Don’t follow my example and blindly stumble back and forth between
trying to use Scribus and searching the docs to learn how to do the next
little thing that is not as obvious as the nose on your face. Read the
docs all the way through first; they are filled with useful tips and
information. Pay particular attention to the program’s nice little tutorial,
which has been translated from the original French. The tutorial walks
you through the creation of a document from the front cover
to the back cover and everything in between.

Because I failed to follow my own advice, it took me a little while to understand that I had to create
a text box before I could “Get Text” from a text file I had
created earlier. It took me even longer to learn that I needed to chain
the text box on one page with one on the following page in order to be
able to see all the text in the file I was bringing in. Each of these
actions was simple to do, once I knew enough to do them. For instance, to move a text box, click on the text box tool icon, then click-hold-drag it across the page. Chaining is as easy as selecting text boxes and clicking on the “Chain Text” tool.
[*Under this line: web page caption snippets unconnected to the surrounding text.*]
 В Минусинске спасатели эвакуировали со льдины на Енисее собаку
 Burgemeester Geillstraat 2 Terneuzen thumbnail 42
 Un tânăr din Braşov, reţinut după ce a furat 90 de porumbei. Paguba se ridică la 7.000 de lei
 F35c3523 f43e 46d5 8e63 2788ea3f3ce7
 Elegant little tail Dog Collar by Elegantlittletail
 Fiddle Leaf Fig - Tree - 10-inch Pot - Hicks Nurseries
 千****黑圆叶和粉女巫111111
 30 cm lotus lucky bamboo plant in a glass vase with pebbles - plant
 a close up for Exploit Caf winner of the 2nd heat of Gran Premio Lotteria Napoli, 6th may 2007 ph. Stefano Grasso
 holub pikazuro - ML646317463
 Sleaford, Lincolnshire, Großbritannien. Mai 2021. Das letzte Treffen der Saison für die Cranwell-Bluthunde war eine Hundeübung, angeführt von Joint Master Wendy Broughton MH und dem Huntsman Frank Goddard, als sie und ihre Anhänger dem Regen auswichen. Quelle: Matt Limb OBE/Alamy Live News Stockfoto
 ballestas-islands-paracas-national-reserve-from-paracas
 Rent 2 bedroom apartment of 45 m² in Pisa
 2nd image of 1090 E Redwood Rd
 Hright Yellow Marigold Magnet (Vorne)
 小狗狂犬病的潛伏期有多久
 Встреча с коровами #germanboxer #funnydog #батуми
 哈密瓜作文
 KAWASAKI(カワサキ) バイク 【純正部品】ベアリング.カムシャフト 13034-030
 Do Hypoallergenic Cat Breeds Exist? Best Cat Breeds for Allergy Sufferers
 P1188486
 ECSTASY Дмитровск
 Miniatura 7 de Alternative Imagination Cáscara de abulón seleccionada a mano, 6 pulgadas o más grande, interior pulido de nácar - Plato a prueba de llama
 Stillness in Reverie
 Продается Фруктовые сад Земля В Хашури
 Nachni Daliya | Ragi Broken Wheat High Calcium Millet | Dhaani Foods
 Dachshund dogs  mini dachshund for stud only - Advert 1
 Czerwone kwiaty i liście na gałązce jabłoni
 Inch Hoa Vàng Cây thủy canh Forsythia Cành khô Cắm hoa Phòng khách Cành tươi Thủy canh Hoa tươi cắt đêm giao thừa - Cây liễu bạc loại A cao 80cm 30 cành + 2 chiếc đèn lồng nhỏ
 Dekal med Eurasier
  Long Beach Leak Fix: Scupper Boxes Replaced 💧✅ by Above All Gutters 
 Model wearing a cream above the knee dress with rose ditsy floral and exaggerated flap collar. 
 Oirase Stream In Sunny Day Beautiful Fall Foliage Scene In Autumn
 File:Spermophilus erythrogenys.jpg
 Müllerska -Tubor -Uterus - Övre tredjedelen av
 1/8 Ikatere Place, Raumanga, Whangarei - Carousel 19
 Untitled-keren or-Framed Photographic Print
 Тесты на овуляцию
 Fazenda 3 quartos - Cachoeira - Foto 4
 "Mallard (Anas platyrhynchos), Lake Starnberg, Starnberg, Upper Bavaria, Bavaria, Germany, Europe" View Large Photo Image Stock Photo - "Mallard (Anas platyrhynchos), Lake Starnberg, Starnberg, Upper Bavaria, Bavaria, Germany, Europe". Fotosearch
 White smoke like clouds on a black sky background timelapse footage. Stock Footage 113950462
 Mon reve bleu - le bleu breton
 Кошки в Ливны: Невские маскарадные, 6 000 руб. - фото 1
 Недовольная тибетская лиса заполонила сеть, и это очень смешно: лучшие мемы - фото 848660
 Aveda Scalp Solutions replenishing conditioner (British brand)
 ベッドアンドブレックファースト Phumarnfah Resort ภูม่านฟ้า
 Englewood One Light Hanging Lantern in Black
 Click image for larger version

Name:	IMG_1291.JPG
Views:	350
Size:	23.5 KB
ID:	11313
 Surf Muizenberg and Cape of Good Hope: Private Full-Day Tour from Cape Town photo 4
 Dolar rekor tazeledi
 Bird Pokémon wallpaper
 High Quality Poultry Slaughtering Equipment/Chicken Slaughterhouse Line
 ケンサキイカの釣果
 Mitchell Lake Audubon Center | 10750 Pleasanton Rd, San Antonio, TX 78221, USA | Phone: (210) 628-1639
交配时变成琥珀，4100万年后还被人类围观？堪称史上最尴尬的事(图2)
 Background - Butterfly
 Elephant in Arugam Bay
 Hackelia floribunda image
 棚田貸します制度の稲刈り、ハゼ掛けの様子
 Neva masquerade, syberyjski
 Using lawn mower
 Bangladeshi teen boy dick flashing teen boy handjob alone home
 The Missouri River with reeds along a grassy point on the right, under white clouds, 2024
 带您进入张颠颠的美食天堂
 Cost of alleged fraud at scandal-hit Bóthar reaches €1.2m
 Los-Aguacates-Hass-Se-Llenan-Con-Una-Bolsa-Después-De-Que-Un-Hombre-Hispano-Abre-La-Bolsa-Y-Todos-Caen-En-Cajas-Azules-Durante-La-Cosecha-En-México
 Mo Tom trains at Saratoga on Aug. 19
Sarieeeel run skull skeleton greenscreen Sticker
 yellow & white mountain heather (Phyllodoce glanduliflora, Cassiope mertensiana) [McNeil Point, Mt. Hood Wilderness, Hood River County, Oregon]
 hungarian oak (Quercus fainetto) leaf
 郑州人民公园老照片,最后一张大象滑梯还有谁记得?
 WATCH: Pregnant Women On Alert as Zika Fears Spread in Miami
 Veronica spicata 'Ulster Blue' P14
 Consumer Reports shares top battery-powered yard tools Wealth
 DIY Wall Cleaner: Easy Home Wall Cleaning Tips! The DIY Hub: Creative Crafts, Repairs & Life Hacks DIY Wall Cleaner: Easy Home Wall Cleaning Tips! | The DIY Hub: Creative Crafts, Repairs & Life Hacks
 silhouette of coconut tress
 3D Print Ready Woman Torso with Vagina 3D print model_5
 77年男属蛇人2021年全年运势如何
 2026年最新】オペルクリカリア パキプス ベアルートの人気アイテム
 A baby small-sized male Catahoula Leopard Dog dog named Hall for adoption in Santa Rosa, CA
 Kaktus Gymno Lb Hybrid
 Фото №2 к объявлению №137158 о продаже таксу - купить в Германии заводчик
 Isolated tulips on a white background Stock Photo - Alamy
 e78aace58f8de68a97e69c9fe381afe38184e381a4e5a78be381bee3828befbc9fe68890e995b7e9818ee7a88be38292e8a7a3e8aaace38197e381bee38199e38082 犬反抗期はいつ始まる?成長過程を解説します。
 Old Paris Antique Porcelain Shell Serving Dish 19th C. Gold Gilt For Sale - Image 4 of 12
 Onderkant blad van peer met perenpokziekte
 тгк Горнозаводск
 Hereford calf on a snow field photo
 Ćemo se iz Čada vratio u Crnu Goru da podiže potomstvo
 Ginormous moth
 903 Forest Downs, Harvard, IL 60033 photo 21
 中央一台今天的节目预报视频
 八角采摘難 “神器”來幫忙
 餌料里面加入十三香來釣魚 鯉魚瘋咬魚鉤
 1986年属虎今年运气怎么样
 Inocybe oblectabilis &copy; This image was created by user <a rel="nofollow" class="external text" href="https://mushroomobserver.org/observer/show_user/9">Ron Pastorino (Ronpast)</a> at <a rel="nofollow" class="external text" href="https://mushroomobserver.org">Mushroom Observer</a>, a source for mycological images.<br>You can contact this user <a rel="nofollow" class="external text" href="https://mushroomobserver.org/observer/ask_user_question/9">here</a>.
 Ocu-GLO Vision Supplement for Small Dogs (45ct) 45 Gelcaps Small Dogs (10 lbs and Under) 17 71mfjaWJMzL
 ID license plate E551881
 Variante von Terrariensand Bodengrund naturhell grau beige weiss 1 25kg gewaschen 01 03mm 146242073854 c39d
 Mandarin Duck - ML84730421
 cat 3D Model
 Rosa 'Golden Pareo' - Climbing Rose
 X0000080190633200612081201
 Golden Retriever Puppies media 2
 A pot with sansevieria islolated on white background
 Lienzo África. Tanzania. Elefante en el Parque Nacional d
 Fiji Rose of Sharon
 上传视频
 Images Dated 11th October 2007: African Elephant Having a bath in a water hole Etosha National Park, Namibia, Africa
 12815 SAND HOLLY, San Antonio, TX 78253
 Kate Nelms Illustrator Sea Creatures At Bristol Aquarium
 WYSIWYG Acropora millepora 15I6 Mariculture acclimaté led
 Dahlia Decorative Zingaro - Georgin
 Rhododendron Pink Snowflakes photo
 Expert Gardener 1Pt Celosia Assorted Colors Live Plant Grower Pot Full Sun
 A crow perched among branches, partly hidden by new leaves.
I mentioned creating a newsletter with a word processor earlier. Scribus
is definitely not a word processor, but rather DTP through and
through. We’re talking about CMYK color, PDF creation and import, four
color separation, EPS support, and more. Scribus is the real deal.

No, I won’t be throwing my eMac out anytime soon, but I won’t
be upgrading to the latest version of OS X and the latest
Adobe desktop publishing tool, either. And I’m going to continue studying FrameMaker 6.0. It
offers a well-documented path to becoming DTP-literate, and what I learn
with FrameMaker will translate easily to Scribus. But my heart already belongs to Scribus, the first modern free software desktop publishing solution for Linux.